Se n'è andata Nadia Cassini, la donna che assicurò il suo fondoschiena per più di un miliardo di vecchie lire. La musa di quel cinema italiano che oggi fa inorridire i benpensanti amanti delle categorie, quelli che possiamo tranquillamente inserire nel grande calderone del politicamente corretto. La diva che cantava “A chi la do stasera…la mia felicità?”, parodiata dagli Squallor in maniera impietosa ma irresistibile.

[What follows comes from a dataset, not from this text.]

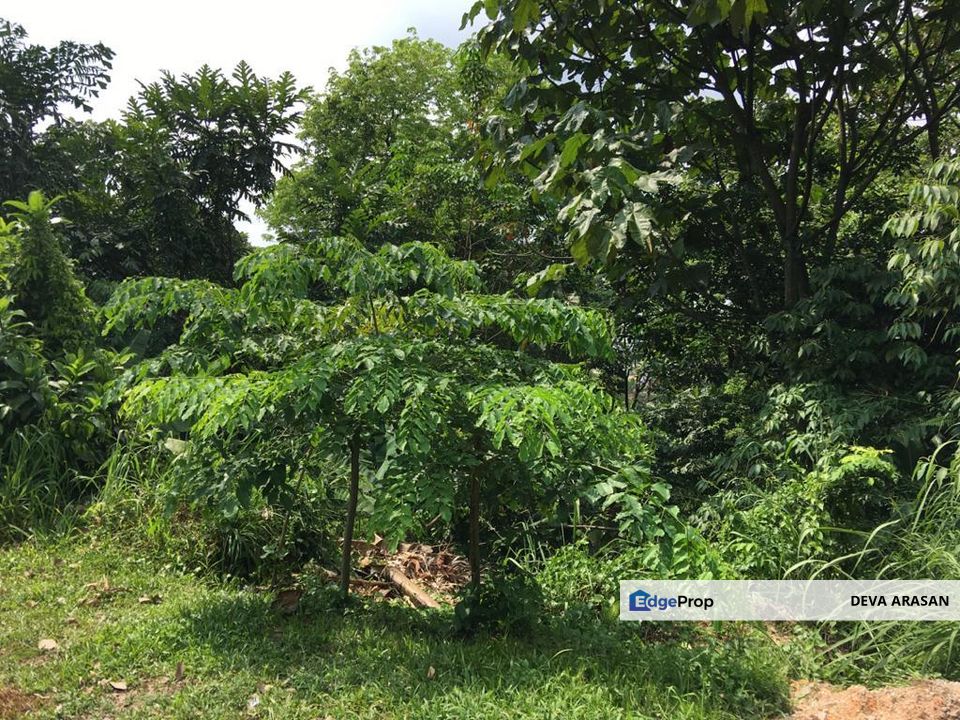 Section 5 PJ Hilltop Freehold Bungalow Land For Sale, Selangor, Petaling Jaya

La donna dei titoli dei film che sembravano presi paro paro dai giornaletti nelle edicole: Mazzabubù…quante corna stanno quaggiù?, Quando gli uomini armarono la clava e con le donne fecero din-don, Io tigro, tu tigri, egli tigra seguito da Io zombo, tu zombi, lei zomba. E ancora: L’insegnante balla…con tutta la classe, L’infermiera nelle corsie dei militari, La dottoressa ci sta col colonnello, L’assistente sociale…tutto pepe e sale. Roba difficilmente replicabile con qualsiasi algoritmo avanzato.

Qualcuno potrebbe “per fortuna”. Eppure, Nadia Cassini è stata emblema di un’epoca in cui il cinema italiano sapeva ancora ridere di se stesso, dei suoi vizi, delle sue ossessioni, senza false morali. Un’epoca in cui le commedie non avevano bisogno di scusarsi per mostrare il desiderio e celebrare la sessualità senza falsi pudori. Era l’Italia raccontata meglio di qualsiasi altro saggio sociologico. L’Italia dei tabù e dei desideri repressi, un’Italia che malgrado tutto ancora oggi resiste sotto quello che si può e non si può dire.
Nadia Cassini bellissima, che aveva culo ma nella vita non aveva avuto culo, come suggerì lei stessa in un’intervista. Nadia Cassini che fece impazzire anche Georges Simenon, uno di quelli che cambiava amanti e compagne ufficiali tutte le volte che finiva un romanzo, e qualcuno pensa che sia stato scrittore terribilmente prolifico anche per questo. Nadia Cassini che ha raccontato, nelle sue curve, quelle di un'Italia per niente ossessionata all'idea di piacere a tutti.

“Nadia Cassini non era solo un sex symbol. Era la protagonista di un cinema anche spudorato, ma autentico”, ha raccontato Lino Banfi a Fanpage.it per ricordare la sua scomparsa. Un cinema che oggi non può più tornare per mille motivi eppure, nell’epoca del perbenismo di facciata, manca terribilmente.